Task requirements ▸ When you restate the entries that follow, keep every word exactly and drop the pictures.

Task input ▸
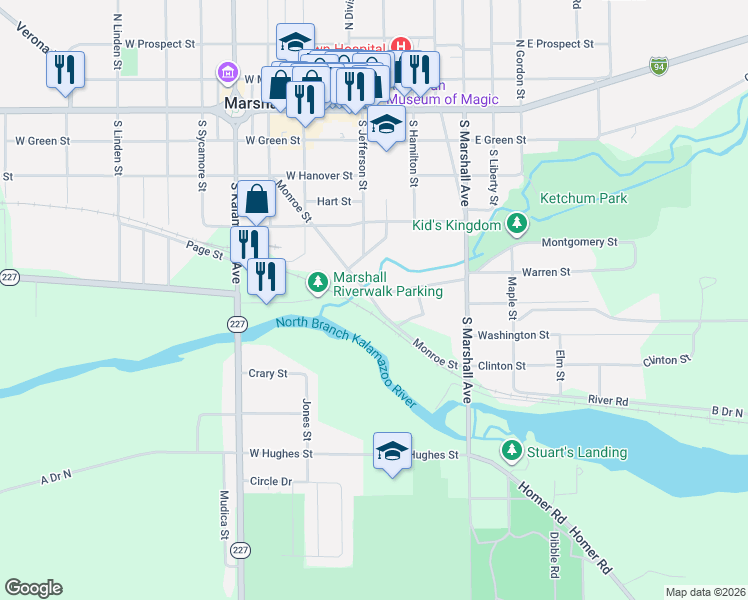 map of restaurants, bars, coffee shops, grocery stores, and more near 605 Monroe Street in Marshall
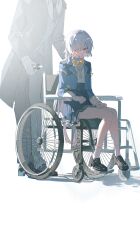  1girl absurdres black_shoes bow bowtie chinese_commentary closed_mouth commentary_request grey_hair hair_over_one_eye highres logo long_hair mornye_(wuthering_waves) orange_bow pushing_wheelchair r5_(yexinr5) red_eyes revision school_uniform shoes sitting socks solo_focus startorch_academy_school_uniform very_long_hair wheelchair white_socks wuthering_waves yellow_bow yellow_bowtie 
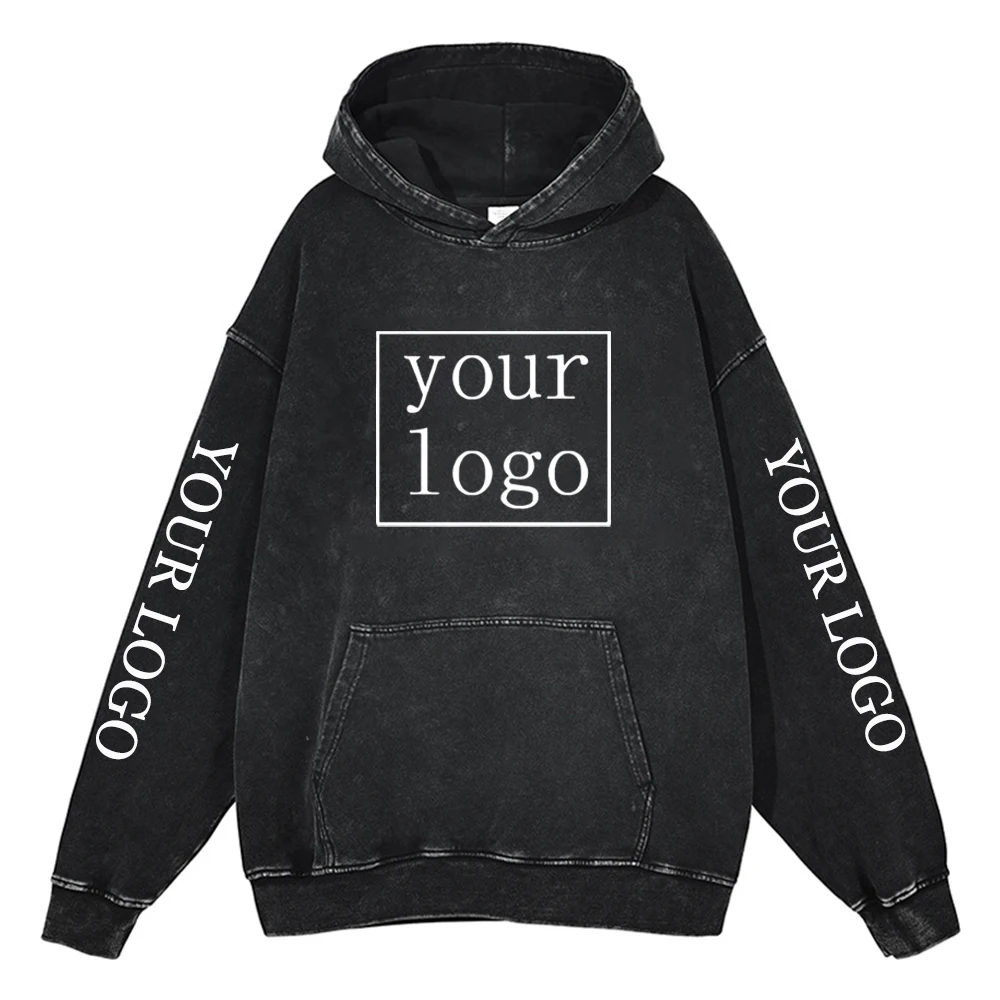 

Your Own Design Brand Logo/Picture Custom Hoodies Vintage Acid Wash Cotton Men Women Anime Cartoon Text Print DIY Sweatshirts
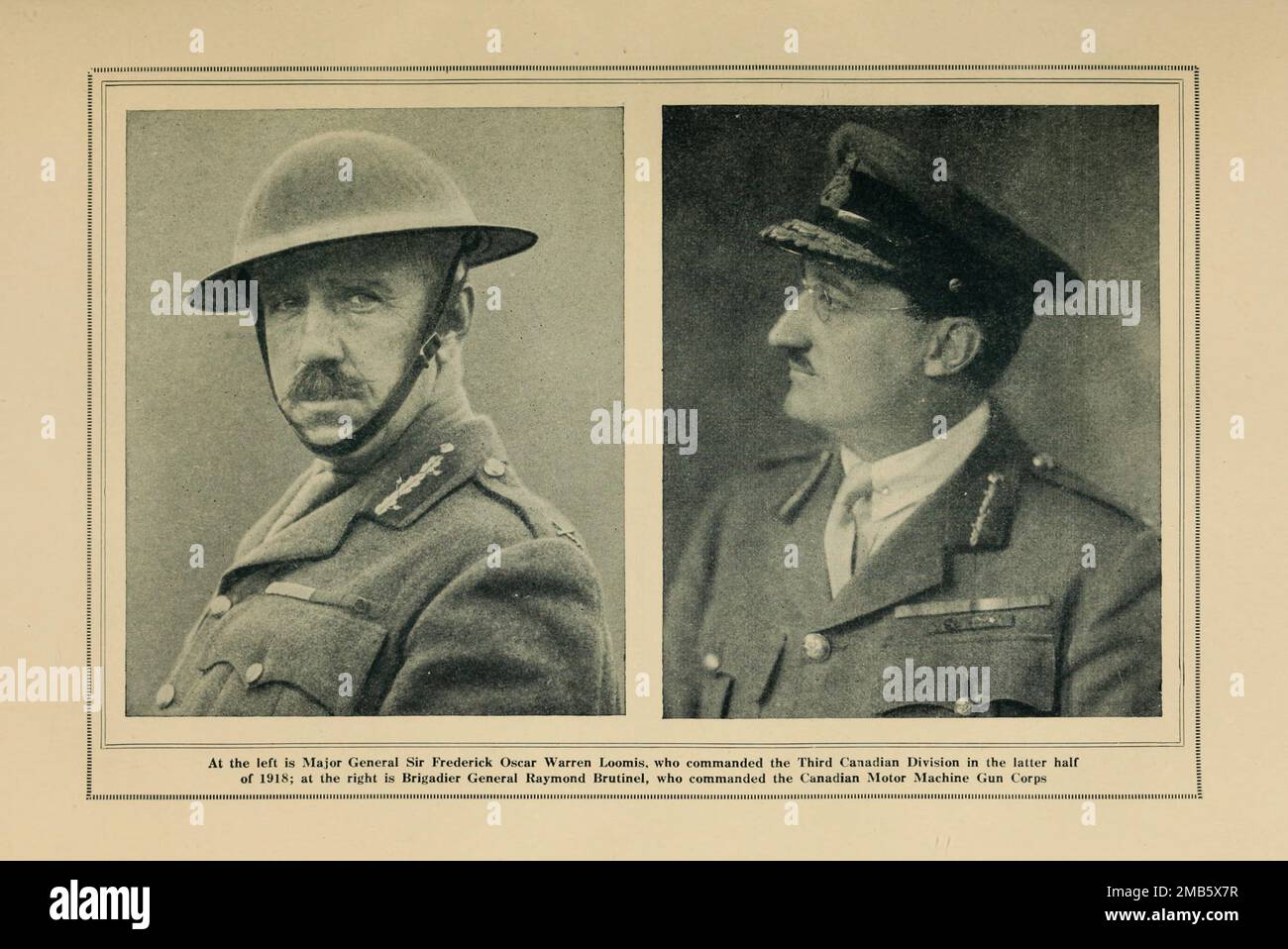 Major General Sir Frederick Oscar Warren Loomis [Left] Brigadier General Raymond Brutinel [Right] from the book The story of the great war; the complete historical records of events to date DIPLOMATIC AND STATE PAPERS by Reynolds, Francis Joseph, 1867-1937; Churchill, Allen Leon; Miller, Francis Trevelyan, 1877-1959; Wood, Leonard, 1860-1927; Knight, Austin Melvin, 1854-1927; Palmer, Frederick, 1873-1958; Simonds, Frank Herbert, 1878-; Ruhl, Arthur Brown, 1876-  Volume VII Published 1920 Stock Photo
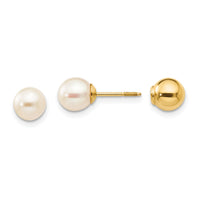 14k Madi K Reversible FW Cultured Pearl & Bead Earrings-SE263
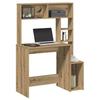 VidaXL Desk with Shelves Artisan Oak Engineered Wood, Computer Desk, Standing Desk, Desk with Storage, 860444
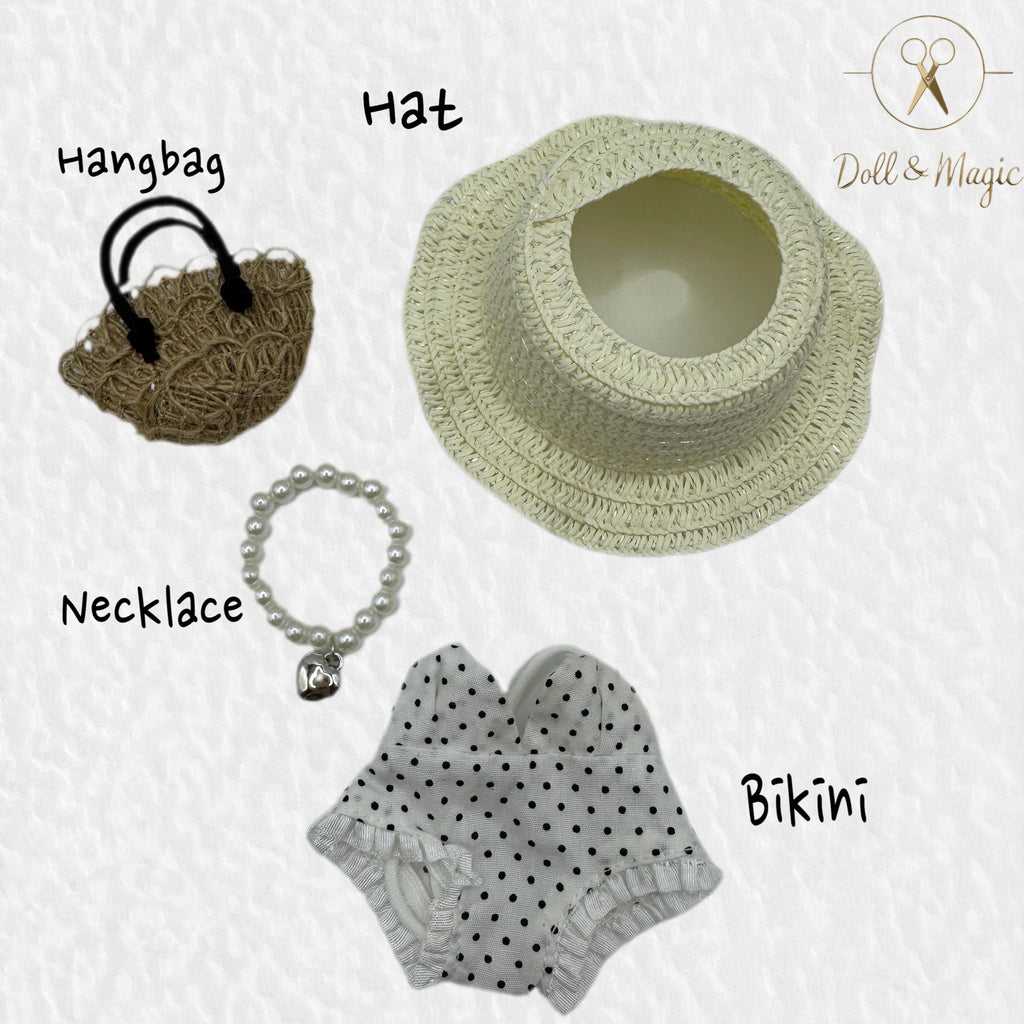 （No Doll)Cute Clothes Set for 17cm Doll – Chic Style Doll Outfit with Hat，Hangbag, Necklace and Bikini – Kawaii Doll Clothes Accessories for Collectors & Fans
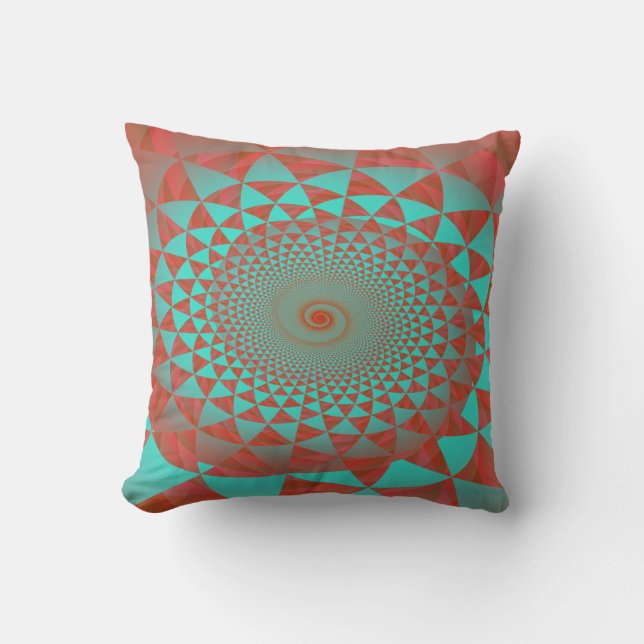 Coussin Rouge et carreau d'abrégé sur spirale de turquoise (Recto)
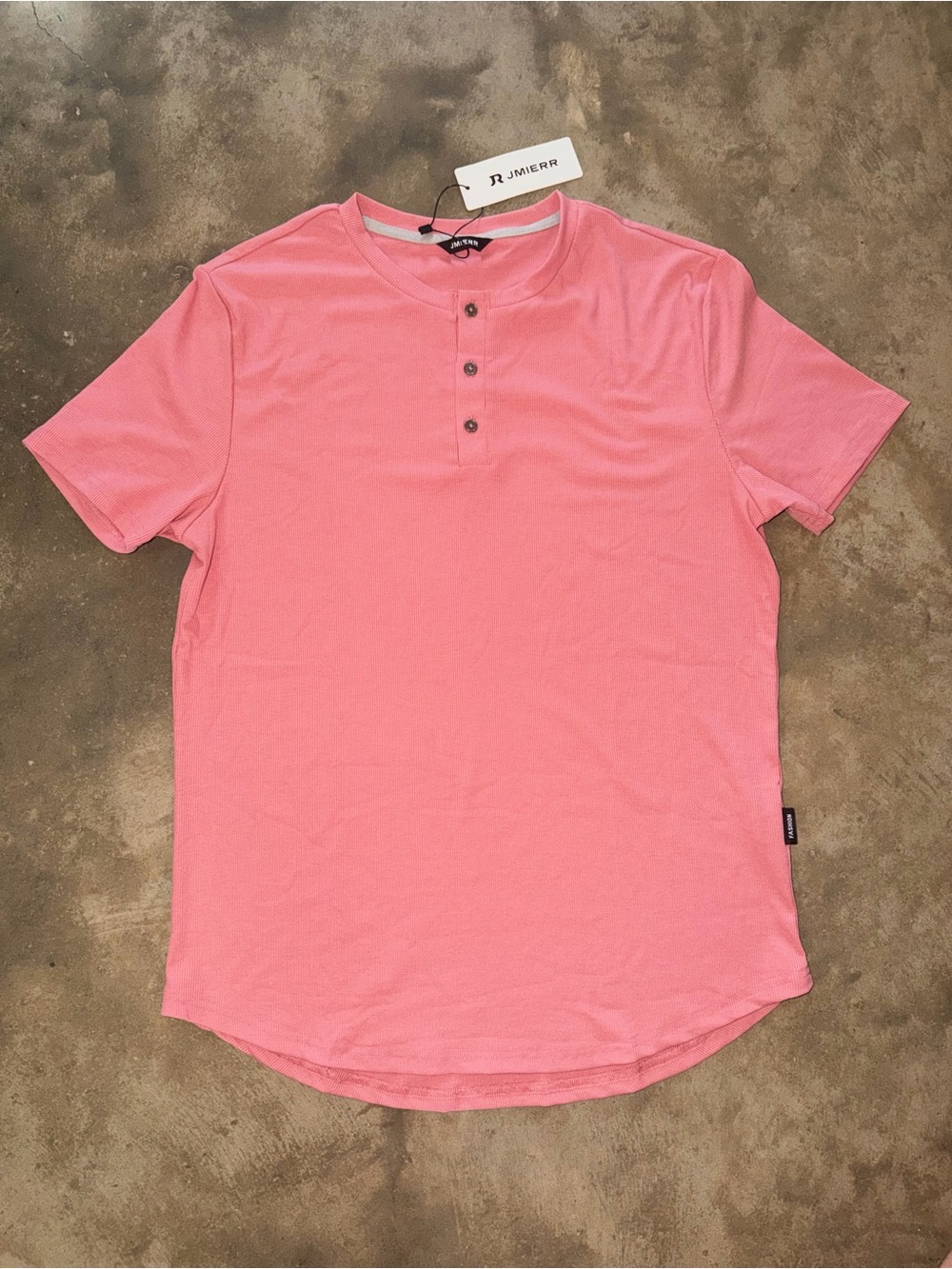 JMIERR Men’s Ribbed Henley Short Sleeve Longline Shirt NWT Size L Casual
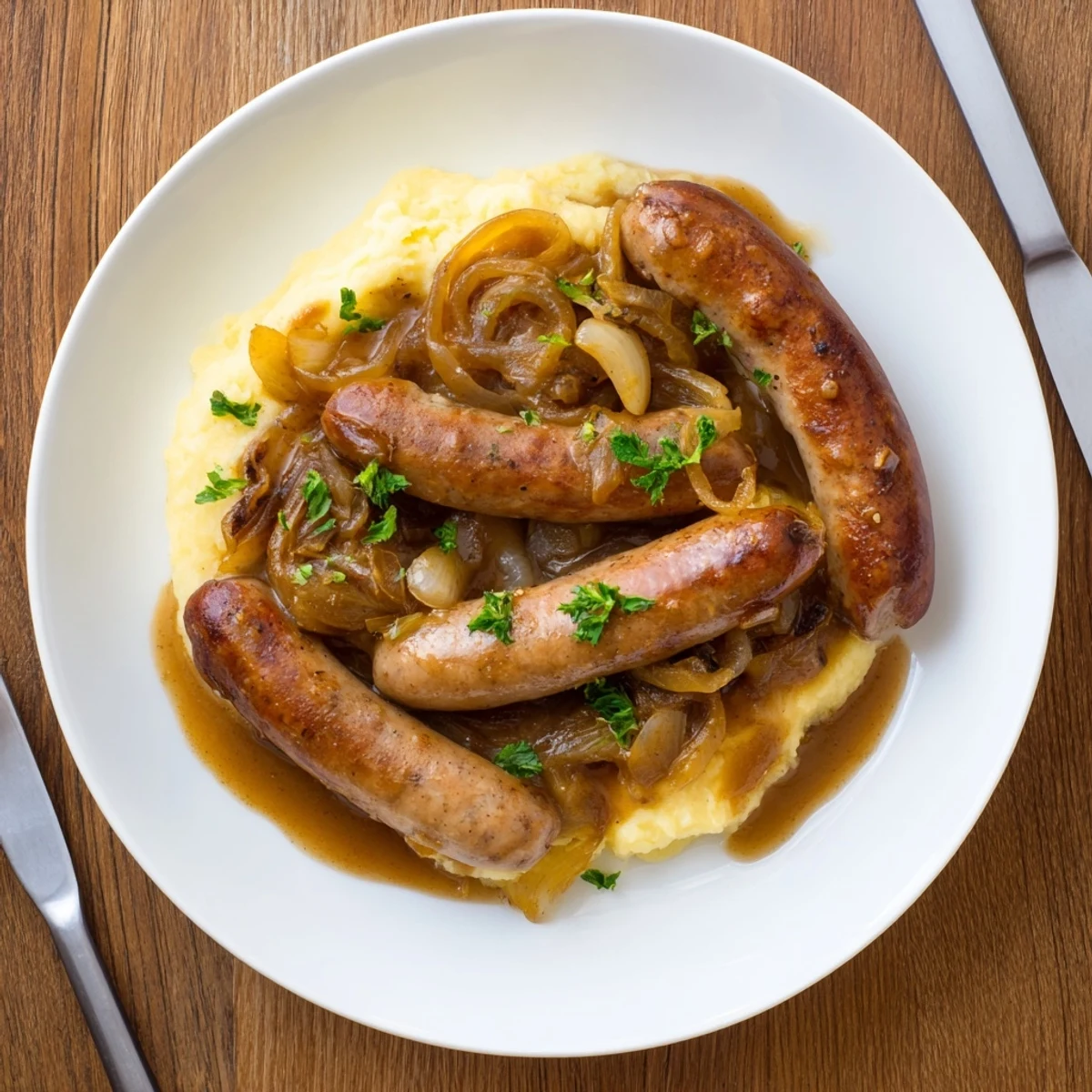 Sizzling sausages nestled in a thick, savory onion gravy, ready to be ladled over buttery mashed potatoes.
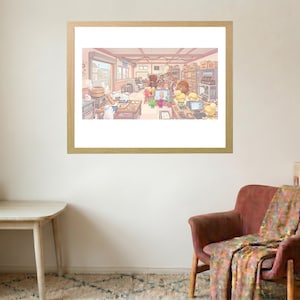 Puede incluir: Una impresión enmarcada de una escena interior, probablemente una tienda o taller, con una paleta de colores cálidos. La obra de arte representa varias figuras, posiblemente animales, trabajando en mostradores y computadoras. El estilo es ilustrativo y detallado.
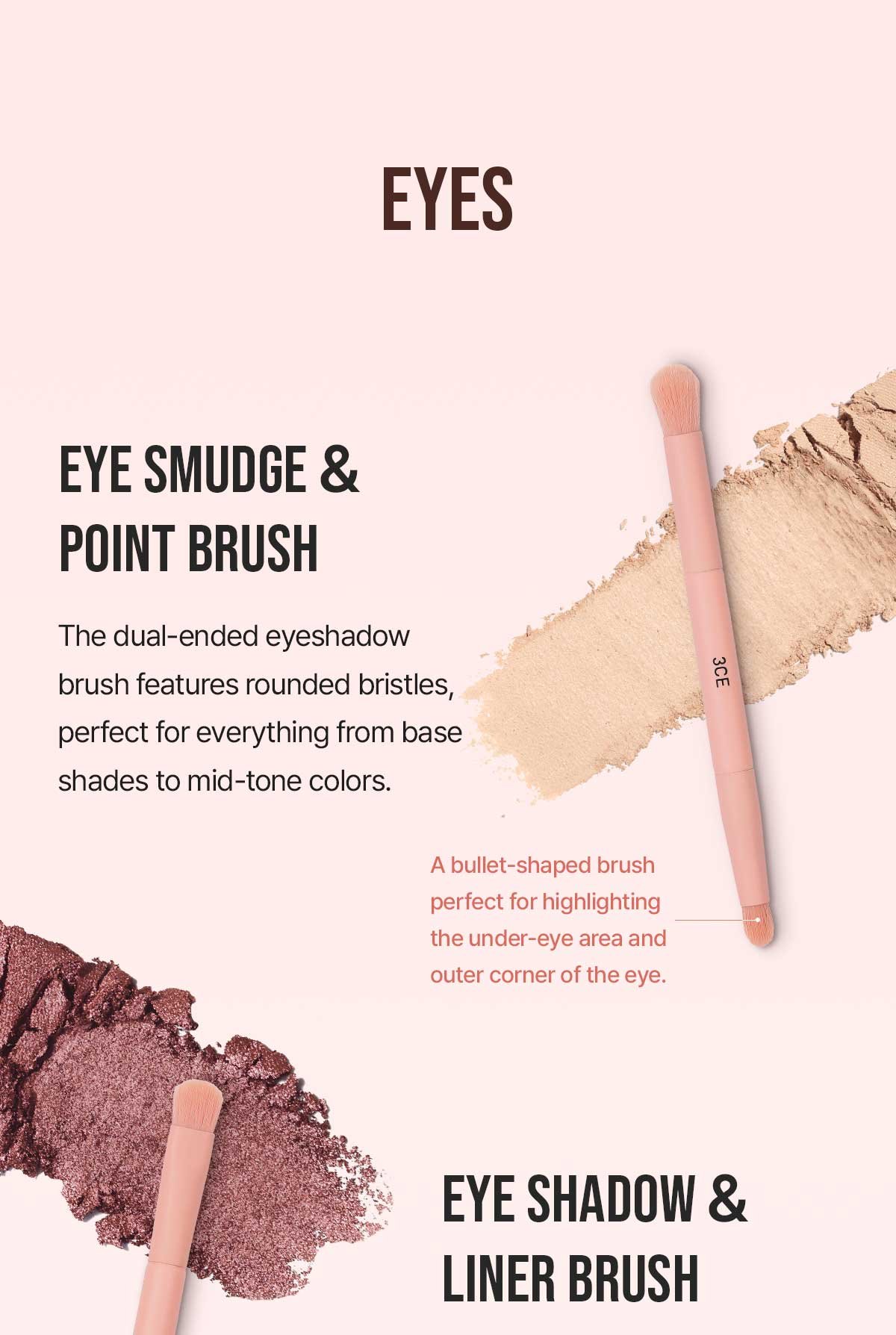3 types of brushes that can be used for eye makeup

Exercise answer ▸
 map of restaurants, bars, coffee shops, grocery stores, and more near 605 Monroe Street in Marshall
  1girl absurdres black_shoes bow bowtie chinese_commentary closed_mouth commentary_request grey_hair hair_over_one_eye highres logo long_hair mornye_(wuthering_waves) orange_bow pushing_wheelchair r5_(yexinr5) red_eyes revision school_uniform shoes sitting socks solo_focus startorch_academy_school_uniform very_long_hair wheelchair white_socks wuthering_waves yellow_bow yellow_bowtie 

Your Own Design Brand Logo/Picture Custom Hoodies Vintage Acid Wash Cotton Men Women Anime Cartoon Text Print DIY Sweatshirts
 Major General Sir Frederick Oscar Warren Loomis [Left] Brigadier General Raymond Brutinel [Right] from the book The story of the great war; the complete historical records of events to date DIPLOMATIC AND STATE PAPERS by Reynolds, Francis Joseph, 1867-1937; Churchill, Allen Leon; Miller, Francis Trevelyan, 1877-1959; Wood, Leonard, 1860-1927; Knight, Austin Melvin, 1854-1927; Palmer, Frederick, 1873-1958; Simonds, Frank Herbert, 1878-; Ruhl, Arthur Brown, 1876-  Volume VII Published 1920 Stock Photo
 14k Madi K Reversible FW Cultured Pearl & Bead Earrings-SE263
 VidaXL Desk with Shelves Artisan Oak Engineered Wood, Computer Desk, Standing Desk, Desk with Storage, 860444
 （No Doll)Cute Clothes Set for 17cm Doll – Chic Style Doll Outfit with Hat，Hangbag, Necklace and Bikini – Kawaii Doll Clothes Accessories for Collectors & Fans
 Coussin Rouge et carreau d'abrégé sur spirale de turquoise (Recto)
 JMIERR Men’s Ribbed Henley Short Sleeve Longline Shirt NWT Size L Casual
 Sizzling sausages nestled in a thick, savory onion gravy, ready to be ladled over buttery mashed potatoes.
 Puede incluir: Una impresión enmarcada de una escena interior, probablemente una tienda o taller, con una paleta de colores cálidos. La obra de arte representa varias figuras, posiblemente animales, trabajando en mostradores y computadoras. El estilo es ilustrativo y detallado.
3 types of brushes that can be used for eye makeup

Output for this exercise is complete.